(PROVIDED DATA)

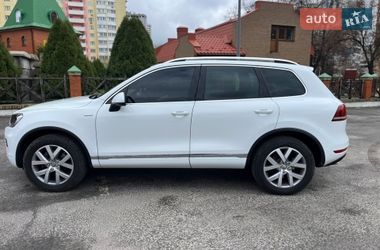 Внедорожник / Кроссовер Volkswagen Touareg 2014 в Киеве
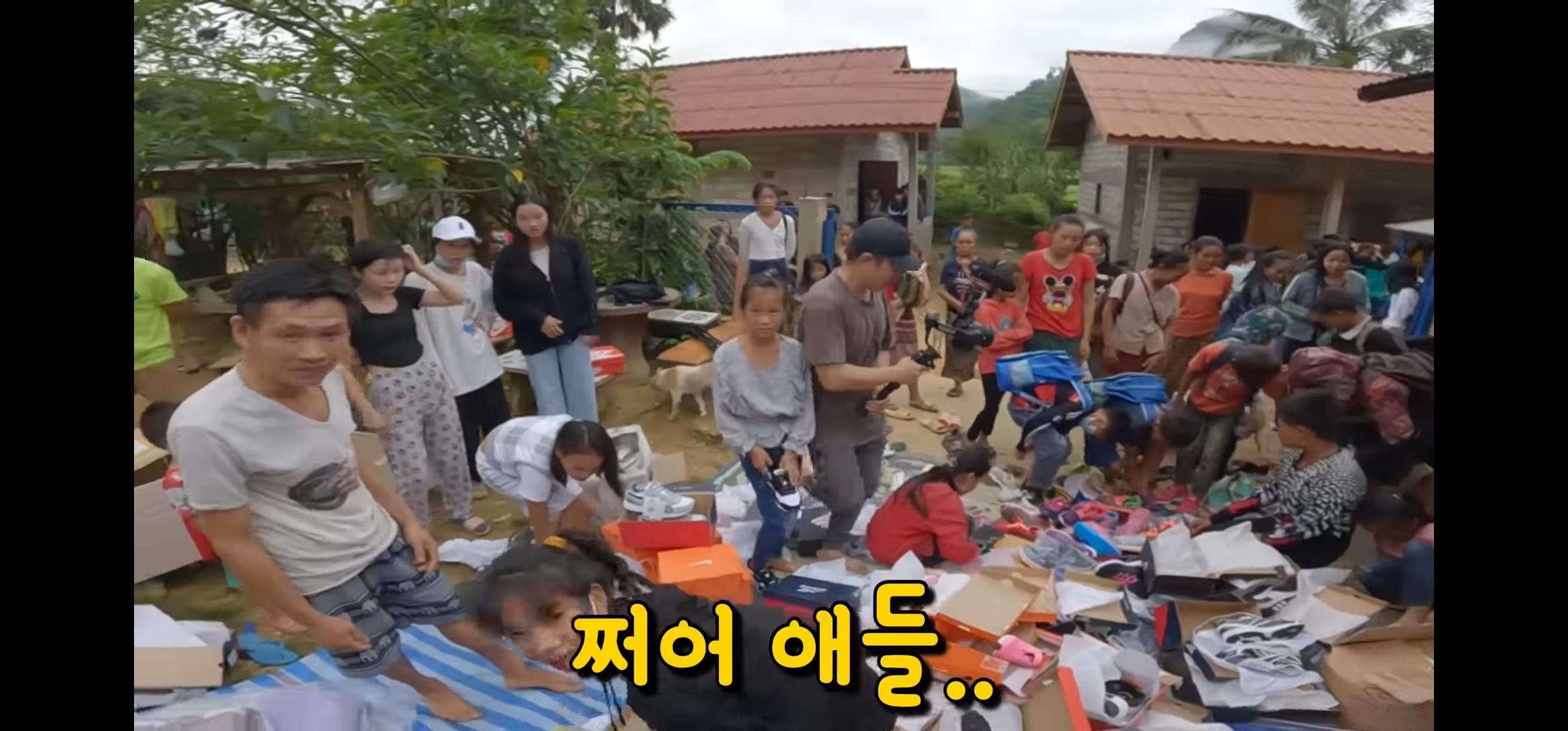 라오스 반나마을에서 살고있는 한국인 유투버가 마을 아이들 80명을 데리고 수학여행 갔다옴.jpg | 인스티즈
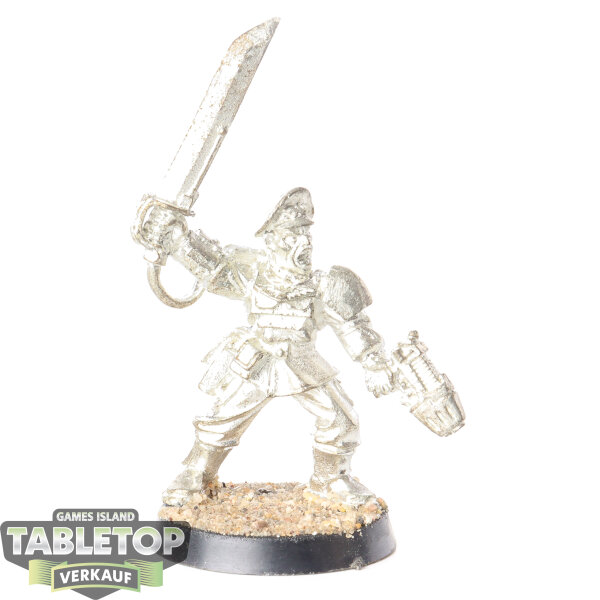 Astra Militarum - Cadian Lieutenant klassisch - unbemalt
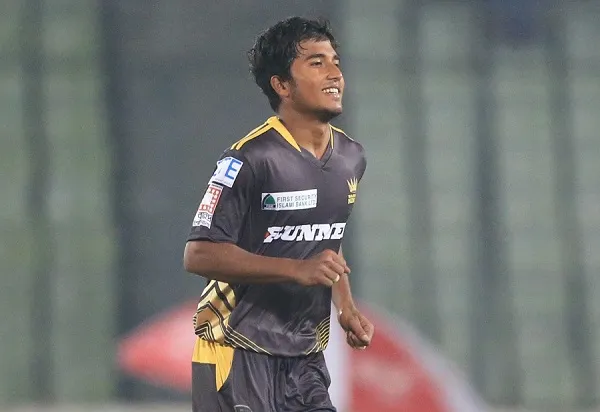 সেঞ্চুরিতে রাজকীয় অভিষেক আফিফের
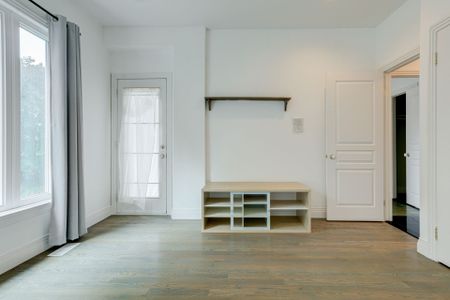 For Lease - 53 Florence Avenue Unit# Main, Toronto, Ontario - Photo 2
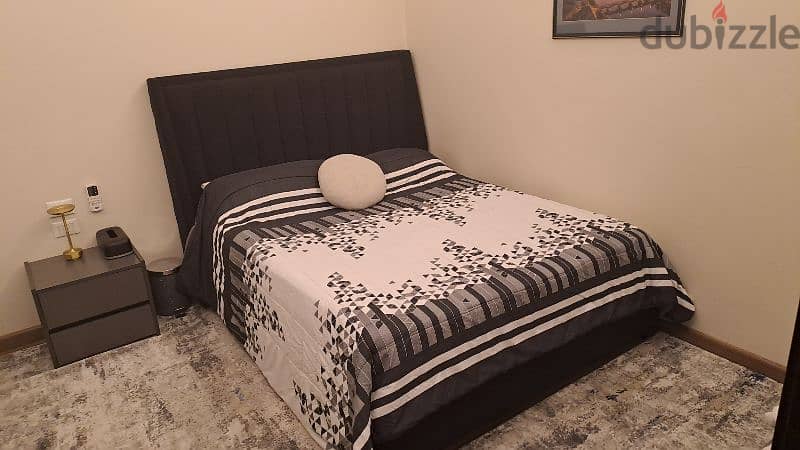 Modern Bedroom | Excellent Condition 4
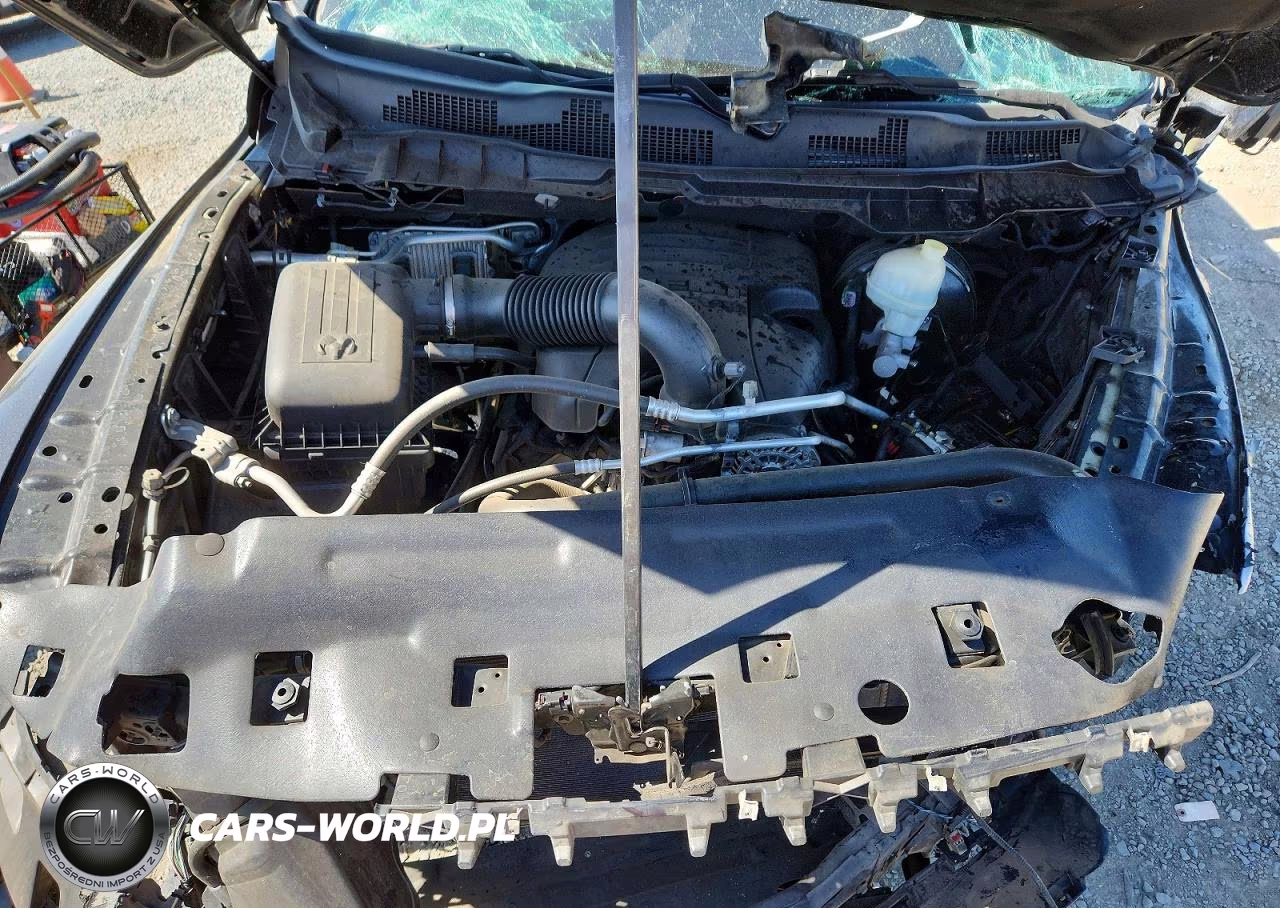2018 Ram 1500 Sport VIN:1C6RR7MT9JS202729 - 11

(End PROVIDED DATA)

Where the line containing "라오스 반나마을에서 살고있는" appears in the data above, begin there and output every line through the last, exactly and without pictures.

 라오스 반나마을에서 살고있는 한국인 유투버가 마을 아이들 80명을 데리고 수학여행 갔다옴.jpg | 인스티즈
 Astra Militarum - Cadian Lieutenant klassisch - unbemalt
 সেঞ্চুরিতে রাজকীয় অভিষেক আফিফের
 For Lease - 53 Florence Avenue Unit# Main, Toronto, Ontario - Photo 2
 Modern Bedroom | Excellent Condition 4
2018 Ram 1500 Sport VIN:1C6RR7MT9JS202729 - 11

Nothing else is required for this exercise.